_What to produce_: Transcribe the entries below exactly from their first line through the line containing "I think that's", and let no picture into the copy.

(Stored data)
=======

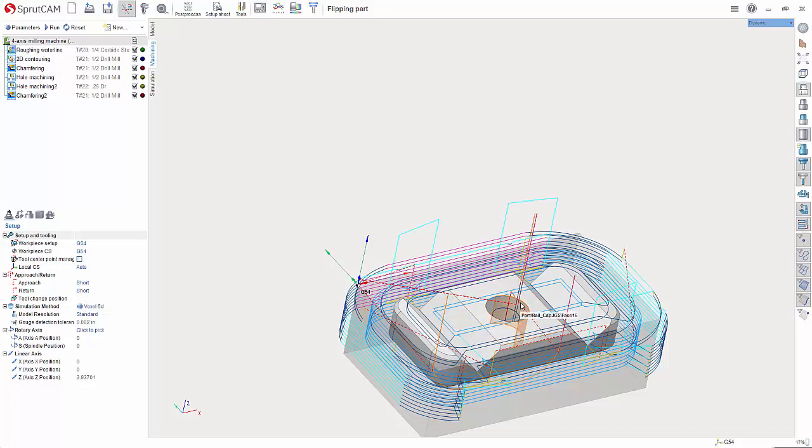Hello and welcome to another Sprutcam tutorial brought to you by Sprutcam America. In this video I'm going to show you how to flip a part around and set a new work offset.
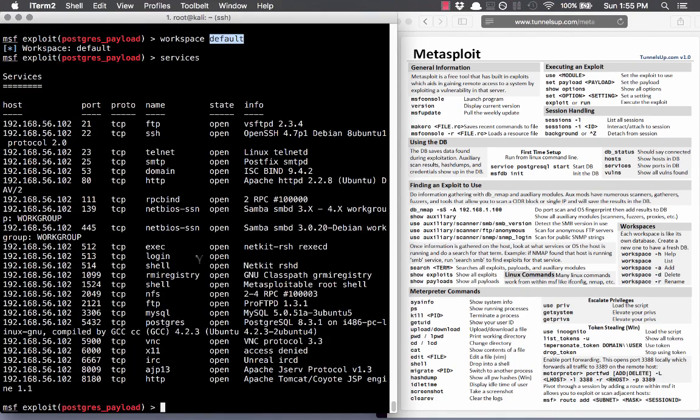I think that's it for just getting your feet and hands dirty with Metasploit. I hope you learned something — thank you for watching.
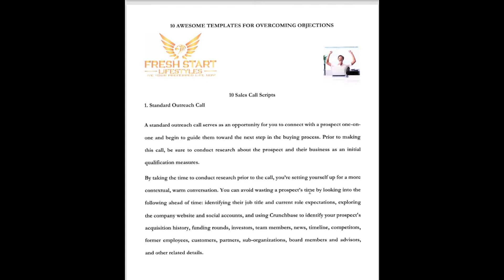The first is what I want to call a standard outreach call. A standard outreach call serves as an opportunity for you to connect with a prospect one-on-one and then begin to guide them toward the next step of the buying process. Prior to making this call, be sure to conduct research about the prospect and their business as the initial qualification measure. By taking the time to conduct research prior to the call, you're setting yourself up for a more contextual, warm conversation. You can avoid wasting the prospect's time by looking into the following ahead of time.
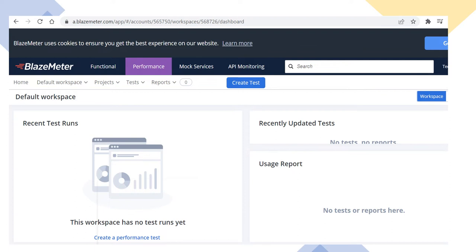Here you can see the Home section, and by default a workspace is available. Whenever you work for any organization, you need to raise a request to get the proper workspace for execution and activities. There is also a Project, Test, and Report section, which I will discuss in further slides — including how to create a project and test.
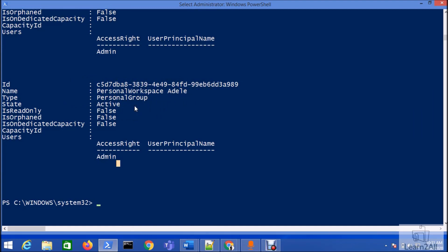In this video, just to summarize, we learned two things. First, as an individual user, if we wish to list down all the workspaces on which I personally have access, we can use the command. Second, as a Power BI Service Admin, if I want to see how many workspaces are created throughout the entire tenant, we can go with this PowerShell command.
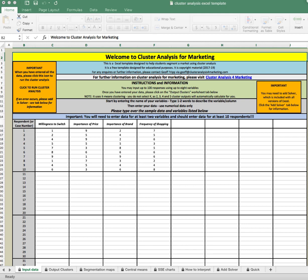Hello everyone, Professor Rodriguez here, and I'm going to walk you through the output for the Cluster Analysis Excel template that we are using for this week's module on market segmentation.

=======

_Response area_:
Hello and welcome to another Sprutcam tutorial brought to you by Sprutcam America. In this video I'm going to show you how to flip a part around and set a new work offset.
I think that's it for just getting your feet and hands dirty with Metasploit. I hope you learned something — thank you for watching.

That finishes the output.